For species to be successful and adapt to an ever changing environment, they must strike a delicate balance between allowing for some DNA alterations, while at the same time preserving the key developmental processes encoded in their unique genomes. This poses a problem, as even small changes in any given gene might lead to deleterious effects that decrease the ability of any individual to survive. However, for a species to endure, it must allow for these variations among individuals in order that a population may be produced in which some individuals are more capable of survival in the new conditions. This suggests that survival of a species should allow for some changes in the DNA and therefore the production of gene products that provide improved fitness – but too much change is dangerous.

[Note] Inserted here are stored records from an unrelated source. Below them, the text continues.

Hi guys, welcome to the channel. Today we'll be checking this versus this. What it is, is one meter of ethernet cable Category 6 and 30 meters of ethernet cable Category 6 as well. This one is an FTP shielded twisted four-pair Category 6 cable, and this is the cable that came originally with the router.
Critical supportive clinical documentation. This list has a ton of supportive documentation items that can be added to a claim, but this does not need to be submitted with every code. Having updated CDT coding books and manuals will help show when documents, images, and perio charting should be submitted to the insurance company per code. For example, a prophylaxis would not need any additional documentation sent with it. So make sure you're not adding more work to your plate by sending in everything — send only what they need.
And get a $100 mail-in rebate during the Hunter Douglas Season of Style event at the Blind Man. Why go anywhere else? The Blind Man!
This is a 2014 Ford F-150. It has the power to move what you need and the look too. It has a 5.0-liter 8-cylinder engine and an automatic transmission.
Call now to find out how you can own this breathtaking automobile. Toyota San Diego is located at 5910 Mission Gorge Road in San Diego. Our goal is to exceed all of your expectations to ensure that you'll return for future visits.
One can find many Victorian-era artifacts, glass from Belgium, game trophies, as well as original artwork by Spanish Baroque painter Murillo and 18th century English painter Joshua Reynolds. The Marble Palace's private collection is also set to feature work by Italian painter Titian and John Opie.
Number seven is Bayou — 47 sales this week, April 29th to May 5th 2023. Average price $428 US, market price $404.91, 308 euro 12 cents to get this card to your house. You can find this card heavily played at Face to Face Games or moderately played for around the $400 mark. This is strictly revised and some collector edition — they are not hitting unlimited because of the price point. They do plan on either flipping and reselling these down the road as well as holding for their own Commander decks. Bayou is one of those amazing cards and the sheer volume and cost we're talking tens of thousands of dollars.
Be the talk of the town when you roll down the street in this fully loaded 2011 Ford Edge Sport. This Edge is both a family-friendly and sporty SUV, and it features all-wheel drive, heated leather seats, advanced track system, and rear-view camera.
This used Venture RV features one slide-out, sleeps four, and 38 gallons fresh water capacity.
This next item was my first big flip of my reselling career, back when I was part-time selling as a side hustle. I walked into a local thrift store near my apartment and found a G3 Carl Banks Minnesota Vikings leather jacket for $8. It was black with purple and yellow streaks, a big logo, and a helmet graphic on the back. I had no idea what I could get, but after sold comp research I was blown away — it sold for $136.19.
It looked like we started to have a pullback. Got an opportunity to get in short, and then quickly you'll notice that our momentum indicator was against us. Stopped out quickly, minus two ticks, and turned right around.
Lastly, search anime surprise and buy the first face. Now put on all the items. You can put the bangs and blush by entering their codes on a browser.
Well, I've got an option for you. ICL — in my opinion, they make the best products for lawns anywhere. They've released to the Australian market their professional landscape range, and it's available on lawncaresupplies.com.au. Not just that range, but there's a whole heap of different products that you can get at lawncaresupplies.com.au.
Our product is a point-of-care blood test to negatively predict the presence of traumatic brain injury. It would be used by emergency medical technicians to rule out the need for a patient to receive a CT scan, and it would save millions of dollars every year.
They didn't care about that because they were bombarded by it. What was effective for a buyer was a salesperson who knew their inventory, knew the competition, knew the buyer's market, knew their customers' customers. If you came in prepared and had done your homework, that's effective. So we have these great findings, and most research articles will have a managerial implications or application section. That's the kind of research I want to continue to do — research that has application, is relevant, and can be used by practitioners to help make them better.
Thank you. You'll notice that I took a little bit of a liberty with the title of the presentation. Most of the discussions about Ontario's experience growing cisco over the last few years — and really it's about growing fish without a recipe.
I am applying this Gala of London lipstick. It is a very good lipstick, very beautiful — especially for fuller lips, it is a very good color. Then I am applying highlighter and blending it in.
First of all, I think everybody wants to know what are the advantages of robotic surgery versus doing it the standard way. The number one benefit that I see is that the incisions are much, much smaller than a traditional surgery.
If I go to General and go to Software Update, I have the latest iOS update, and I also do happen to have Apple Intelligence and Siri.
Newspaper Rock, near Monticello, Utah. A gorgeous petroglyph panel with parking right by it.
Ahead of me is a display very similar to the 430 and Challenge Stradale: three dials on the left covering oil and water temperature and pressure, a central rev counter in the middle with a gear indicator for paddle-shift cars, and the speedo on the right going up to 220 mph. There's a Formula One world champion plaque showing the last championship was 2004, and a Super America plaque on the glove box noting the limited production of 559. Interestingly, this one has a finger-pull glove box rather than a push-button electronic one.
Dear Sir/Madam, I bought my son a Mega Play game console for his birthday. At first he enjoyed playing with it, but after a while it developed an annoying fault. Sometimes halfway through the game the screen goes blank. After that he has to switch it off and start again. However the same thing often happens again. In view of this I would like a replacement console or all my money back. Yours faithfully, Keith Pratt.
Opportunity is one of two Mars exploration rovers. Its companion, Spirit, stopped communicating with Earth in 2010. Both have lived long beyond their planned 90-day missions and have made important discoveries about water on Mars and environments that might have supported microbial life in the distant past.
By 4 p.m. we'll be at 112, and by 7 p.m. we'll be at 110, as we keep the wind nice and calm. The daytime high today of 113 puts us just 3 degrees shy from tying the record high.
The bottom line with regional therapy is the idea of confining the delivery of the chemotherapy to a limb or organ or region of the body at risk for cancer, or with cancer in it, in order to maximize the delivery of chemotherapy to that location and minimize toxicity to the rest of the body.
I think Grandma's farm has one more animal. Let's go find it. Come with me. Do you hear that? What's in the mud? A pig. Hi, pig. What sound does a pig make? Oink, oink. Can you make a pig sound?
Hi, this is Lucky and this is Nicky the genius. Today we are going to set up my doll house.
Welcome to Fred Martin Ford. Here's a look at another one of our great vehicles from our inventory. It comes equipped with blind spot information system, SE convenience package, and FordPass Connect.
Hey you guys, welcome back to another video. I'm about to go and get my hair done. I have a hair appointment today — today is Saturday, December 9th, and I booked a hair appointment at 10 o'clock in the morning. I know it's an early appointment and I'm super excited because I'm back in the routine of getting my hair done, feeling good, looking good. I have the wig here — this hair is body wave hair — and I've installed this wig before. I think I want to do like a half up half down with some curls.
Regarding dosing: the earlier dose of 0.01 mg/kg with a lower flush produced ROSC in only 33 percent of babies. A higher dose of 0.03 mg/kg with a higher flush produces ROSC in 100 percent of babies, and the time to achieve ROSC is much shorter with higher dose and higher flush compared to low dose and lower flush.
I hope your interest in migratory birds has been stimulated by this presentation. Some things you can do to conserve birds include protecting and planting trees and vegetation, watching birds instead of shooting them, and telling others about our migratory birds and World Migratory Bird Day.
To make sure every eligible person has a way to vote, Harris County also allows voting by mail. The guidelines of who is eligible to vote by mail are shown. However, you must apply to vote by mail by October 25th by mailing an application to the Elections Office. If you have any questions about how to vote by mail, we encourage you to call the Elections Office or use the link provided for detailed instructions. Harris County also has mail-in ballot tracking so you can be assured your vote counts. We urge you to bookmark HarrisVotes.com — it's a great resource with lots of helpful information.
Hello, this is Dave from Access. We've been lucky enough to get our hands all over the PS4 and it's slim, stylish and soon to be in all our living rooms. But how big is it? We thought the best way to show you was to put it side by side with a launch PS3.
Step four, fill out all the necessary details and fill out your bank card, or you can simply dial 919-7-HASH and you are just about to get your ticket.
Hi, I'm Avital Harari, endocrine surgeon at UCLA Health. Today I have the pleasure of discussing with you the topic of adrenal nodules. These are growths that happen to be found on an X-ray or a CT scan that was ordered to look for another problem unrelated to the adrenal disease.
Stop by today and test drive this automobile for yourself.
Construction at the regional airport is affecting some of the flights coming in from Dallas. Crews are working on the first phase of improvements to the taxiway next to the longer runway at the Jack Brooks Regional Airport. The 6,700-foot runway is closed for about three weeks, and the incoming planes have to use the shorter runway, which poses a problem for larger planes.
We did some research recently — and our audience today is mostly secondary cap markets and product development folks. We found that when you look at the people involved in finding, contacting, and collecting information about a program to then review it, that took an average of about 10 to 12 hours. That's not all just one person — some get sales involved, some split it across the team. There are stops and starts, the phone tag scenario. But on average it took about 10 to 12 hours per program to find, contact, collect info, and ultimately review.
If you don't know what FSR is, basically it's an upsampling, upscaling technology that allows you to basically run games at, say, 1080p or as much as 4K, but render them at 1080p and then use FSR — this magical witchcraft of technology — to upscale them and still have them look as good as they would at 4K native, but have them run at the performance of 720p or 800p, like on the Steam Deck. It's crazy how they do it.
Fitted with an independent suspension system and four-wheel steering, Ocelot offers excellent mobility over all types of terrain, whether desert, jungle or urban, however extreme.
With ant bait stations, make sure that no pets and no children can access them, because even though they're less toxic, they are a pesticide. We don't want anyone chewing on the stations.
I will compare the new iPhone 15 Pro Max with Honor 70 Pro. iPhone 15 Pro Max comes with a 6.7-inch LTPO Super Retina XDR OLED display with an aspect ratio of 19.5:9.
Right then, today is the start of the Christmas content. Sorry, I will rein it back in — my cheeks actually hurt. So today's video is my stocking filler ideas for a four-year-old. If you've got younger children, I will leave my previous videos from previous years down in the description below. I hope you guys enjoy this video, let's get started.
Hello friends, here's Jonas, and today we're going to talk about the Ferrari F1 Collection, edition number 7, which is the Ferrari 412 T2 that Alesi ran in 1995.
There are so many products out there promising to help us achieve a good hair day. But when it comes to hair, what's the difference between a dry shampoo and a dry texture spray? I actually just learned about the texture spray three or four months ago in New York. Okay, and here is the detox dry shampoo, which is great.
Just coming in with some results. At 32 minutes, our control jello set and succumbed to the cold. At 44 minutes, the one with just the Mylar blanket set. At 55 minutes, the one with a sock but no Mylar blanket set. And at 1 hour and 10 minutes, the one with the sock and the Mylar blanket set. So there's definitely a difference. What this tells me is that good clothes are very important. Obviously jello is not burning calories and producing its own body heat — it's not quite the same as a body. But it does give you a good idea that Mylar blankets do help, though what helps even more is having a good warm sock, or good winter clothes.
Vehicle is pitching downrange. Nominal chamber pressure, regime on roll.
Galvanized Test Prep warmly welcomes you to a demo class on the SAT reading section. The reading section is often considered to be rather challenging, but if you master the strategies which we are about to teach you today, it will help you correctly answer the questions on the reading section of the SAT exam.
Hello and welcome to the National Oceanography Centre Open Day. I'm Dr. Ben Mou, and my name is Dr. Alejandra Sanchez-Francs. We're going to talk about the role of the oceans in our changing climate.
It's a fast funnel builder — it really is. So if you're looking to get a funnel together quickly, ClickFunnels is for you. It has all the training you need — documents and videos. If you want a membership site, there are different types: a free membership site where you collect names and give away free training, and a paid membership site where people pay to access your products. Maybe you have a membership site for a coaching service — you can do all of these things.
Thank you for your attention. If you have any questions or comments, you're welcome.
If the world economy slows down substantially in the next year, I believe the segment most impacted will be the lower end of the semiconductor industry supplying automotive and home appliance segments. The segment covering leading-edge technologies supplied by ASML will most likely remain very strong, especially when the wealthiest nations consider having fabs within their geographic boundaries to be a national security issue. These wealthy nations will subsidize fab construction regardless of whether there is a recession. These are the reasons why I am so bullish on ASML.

How is all of this managed? What kinds of mechanisms exist to allow for just enough change – while preserving necessary components and processes? Recent papers by Whitacre and Bender [1, 2] suggests a theoretical model of how this might work and another paper by Parikh, et. al [4] demonstrates some of the principles developed by Whitacre.
According to Whitacre and Bender [1, 2], robustness is often thought of in terms of the persistence of high level traits such as fitness, under variable conditions – it is the insensitivity of a biological system to sets of distinct conditions. Evolvability on the other hand, refers to the capacity for heritable and selectable phenotypic change [2]. Evolvability and robustness are intimately connected with the complexity of the system. Complexity is a term that can be defined differently in different contexts and systems. In biological contexts, complexity often refers to the number of different components (e.g. cells) that are involved in a system. For example, the kidney or the eye have many different kinds of cells that are needed for proper functioning. Complexity implies that the different components need to work together in a consistent and reliable way for the structure to function properly. This will involve many genes working in coordination across different cell types and responding to signals between different tissues. Complexity can also be considered at different levels, such as the pathways of reactions within cells that allow the higher level system to function (e.g. interaction between cells or tissues). Thus, complexity can be considered in terms of a hierarchical framework.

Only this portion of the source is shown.